Asino

耳に残るは君の歌声のAsinoのレビュー・感想・評価

耳に残るは君の歌声(2000年製作の映画)
3.7
初見でした。
ロシア、イギリス、パリ、そしてアメリカと、流浪することになる女性の半生。戦間期からパリ陥落直前までくらいの時代を描いているので、ロシアのユダヤ人であった主人公だけでなく、パリのイタリア人やロマの人々も翻弄される。

このころ(2000年)ってこういう戦時期の女性のドラマチックな半生記、みたいなのやたら流行ったよなぁ、と思い返したりもするのですが、そこはサリーポッター作品なので(?)、演出的にはすごいドラマチックにしてる訳じゃなく。すごく独特の雰囲気。

あらすじとしてはびっくりするくらい波瀾万丈なのだけど、主人公とその恋人の台詞はすごく少なくて(特にジョニデ)、一方で1930年代のパリの街を白馬が駆け抜ける!とか、オペラの場面(プラシド・ドミンゴがジョン・タトゥーロ演じるオペラ歌手の吹き替えしてる)とか、ちょっと不思議というか浮世離れした美しい場面も多く、イディッシュ語やルーマニア語なども含め多言語が入り乱れる雰囲気も嫌いじゃなかった。
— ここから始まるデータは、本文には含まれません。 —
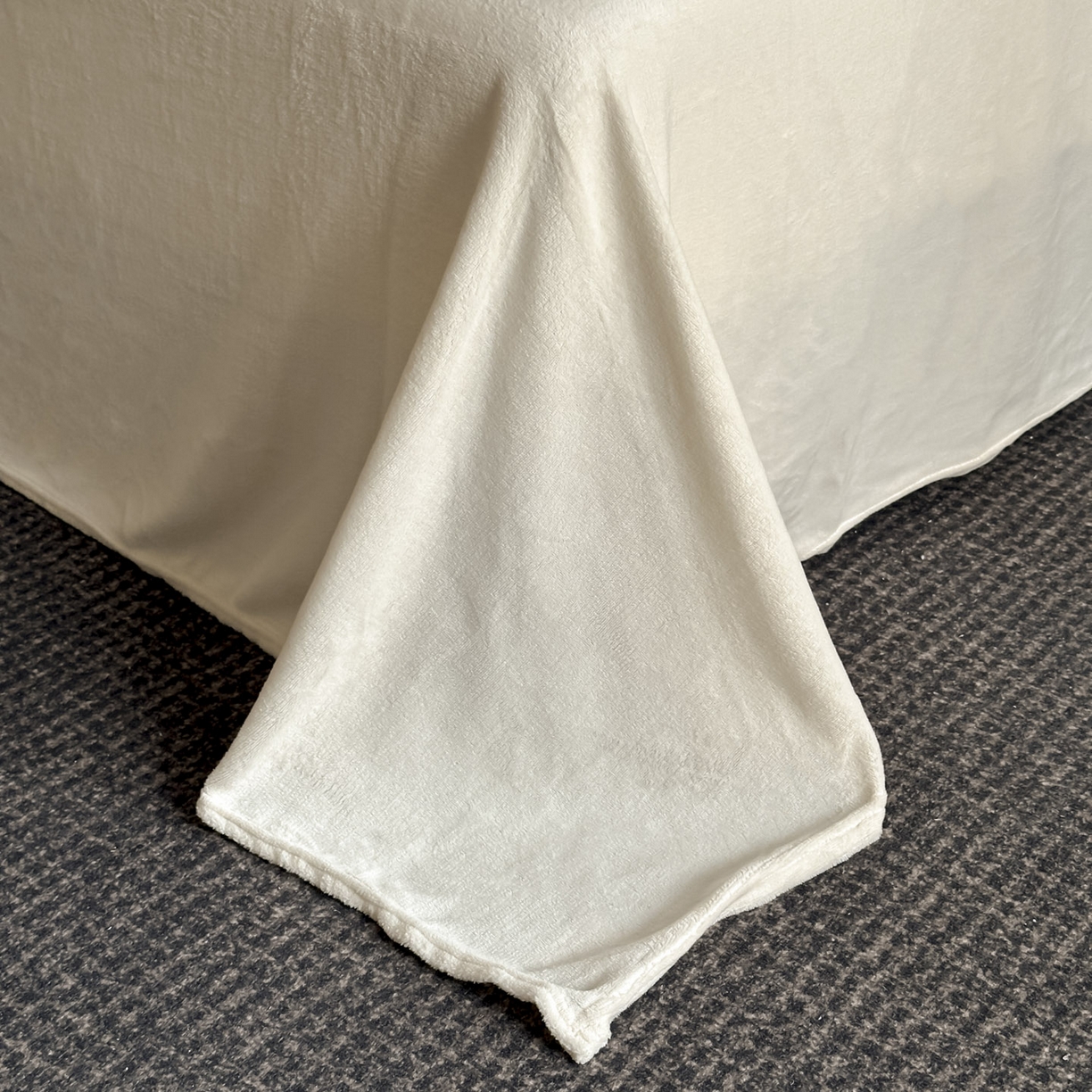 91家纺网 家纺一手货源 找家纺 源舍家纺 2025新款色织拼色编织提花轻奢牛奶绒四件套（场景一） 织锦-白露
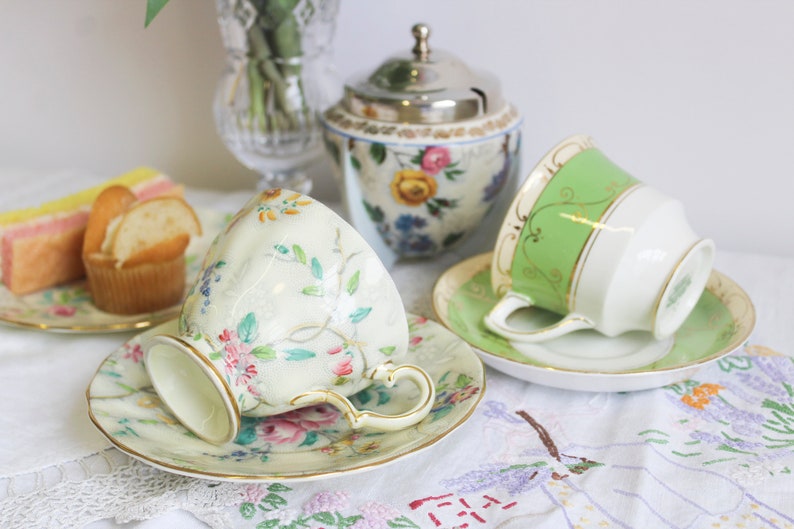 Pretty Vintage Grosvenor Tea cup, Saucer and side plate image 2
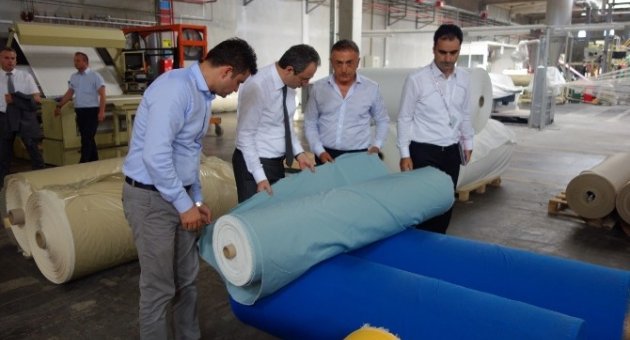 Kaymakam Kubilay Fabrikaları Gezdi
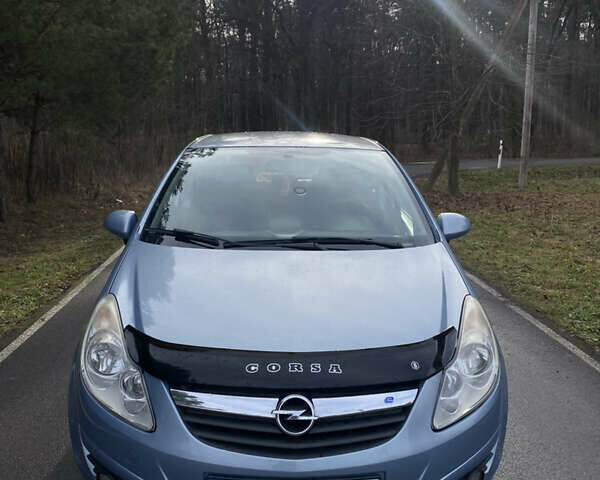 Синий Опель Корса, объемом двигателя 1.36 л и пробегом 192 тыс. км за 4600 $, фото 1 на Automoto.ua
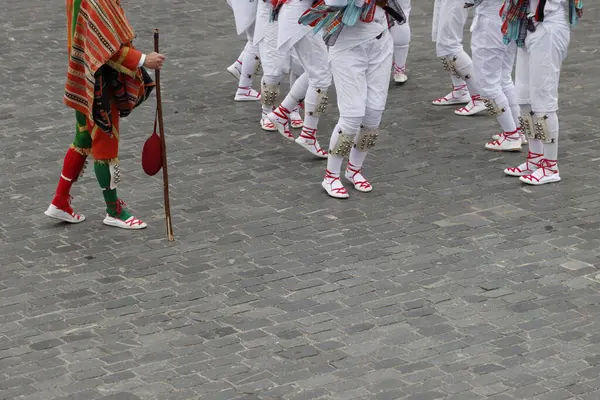 Açık hava festivalinde Bask halk dansı gösterisi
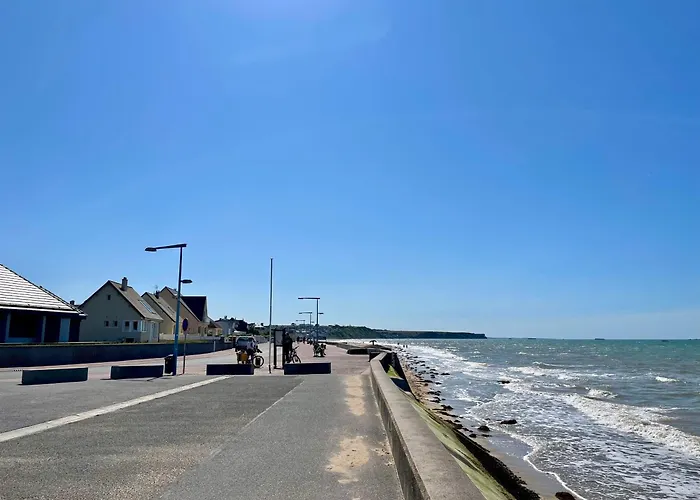 House By Melrose Asnelles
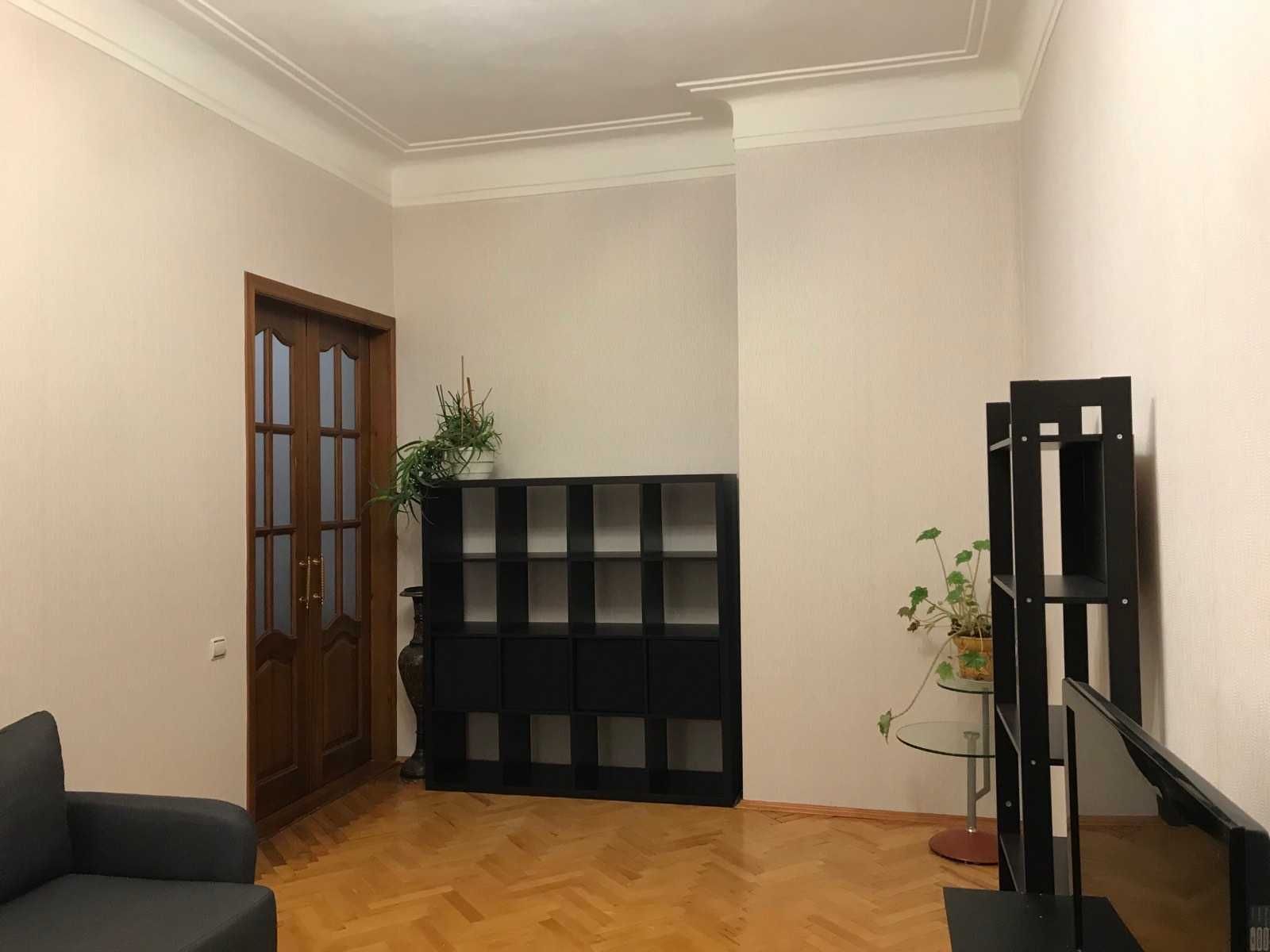 Продаж 2-к. Печерськ  П.Загребельного (Раєвського) 34 метро Печерська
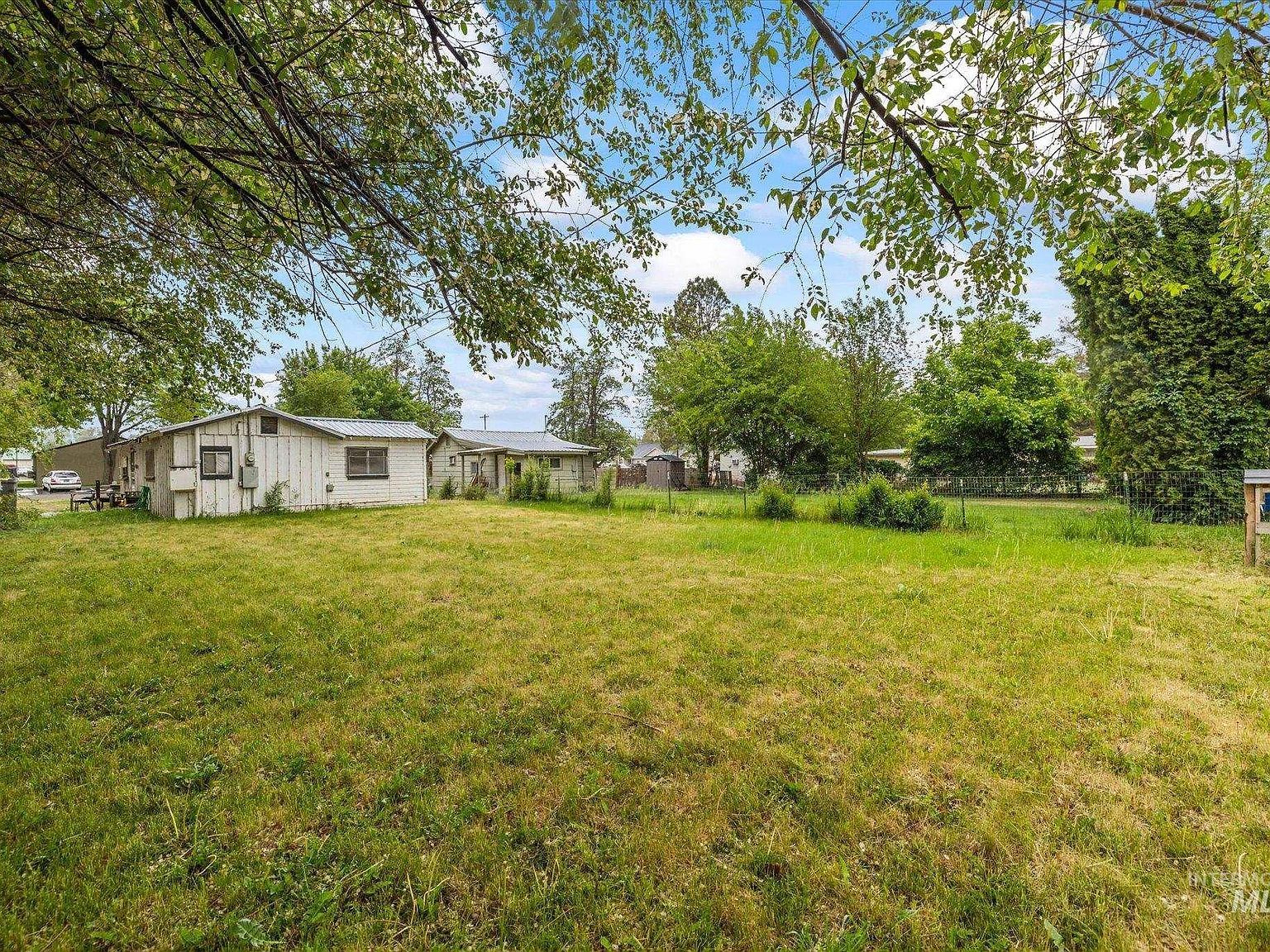 218 & 222 E Owyhee Ave Homedale, ID 83628  | Single Family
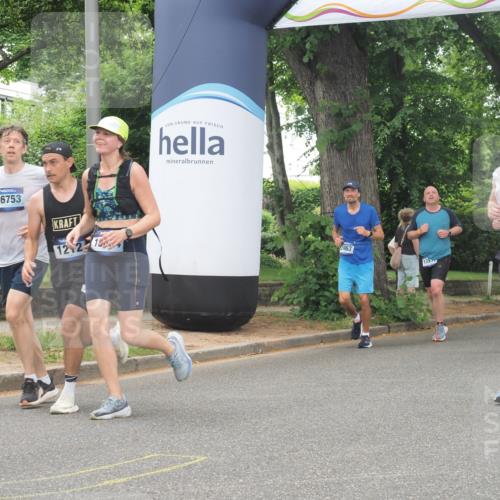 29.06.2025 - hella hamburg halbmarathon KatJ http://msf.ph/oto/8351124 29.06.2025 10:50:55 Zwischen KM18-KM19 1212, 1531, 4945 meine-sportfotos.de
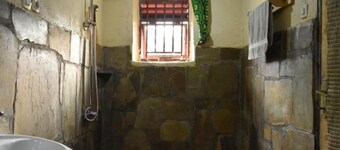Room in B&B - Red Rocks Rwanda - Double Room With Shared Bathroom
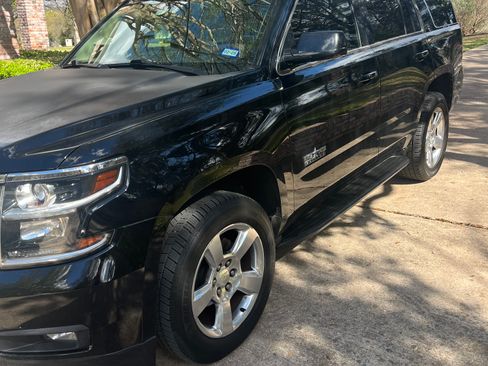 Used 2015 Chevrolet Tahoe LT w/ Luxury Package image 2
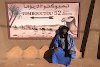 Mann vor Schild nach Timbuktu
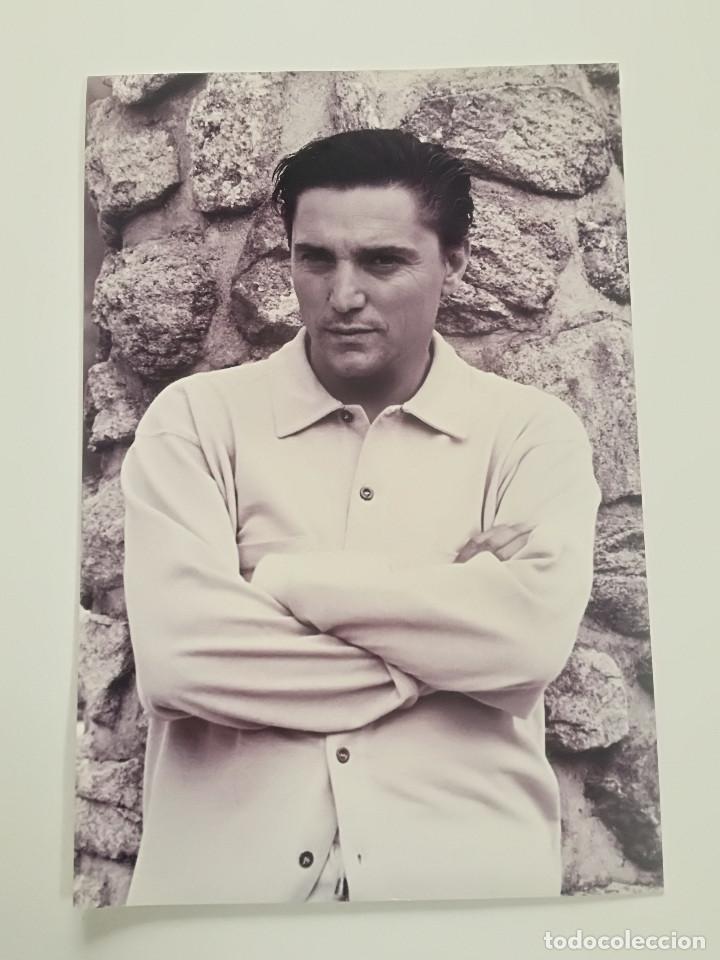 Photos de Chanteurs et Chanteuses: PACO ORTEGA//  FOTOGRAFIA PROMOCIONAL ARCHIVO DE POLYGRAM IBERICA A&Ntilde;OS 90 // GRAN TAMA&Ntilde;O 30X20cm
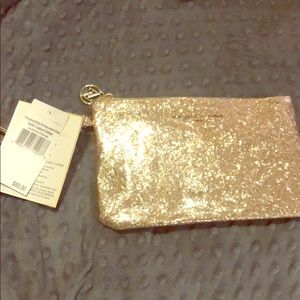 gold charging purse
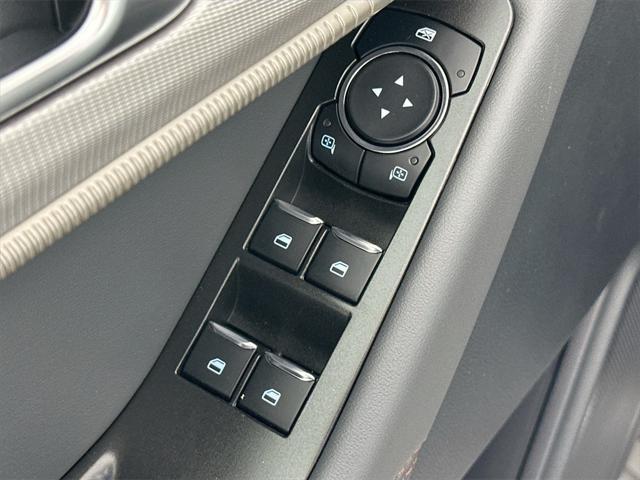 new 2025 Ford Explorer car, priced at $47,122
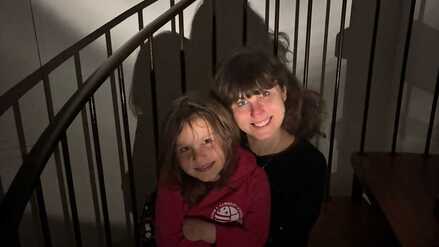 Becca Gollman und Tochter Mila während des Stromausfalls in Berlin-Zehlendorf.
Foto: privat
クリスティーナリッチの独特のルックスは戦火迫るヨーロッパの雰囲気にぴったりだったけど、ロシア語訛りの英語を話すケイト・ブランシェット様の、なんというか世俗的な生々しい美しさも今となってはむしろ珍しくて。
U-Nextのケイト・ブランシェット特集に引っ掛かっただけなんだけどそれはそれでよかったな。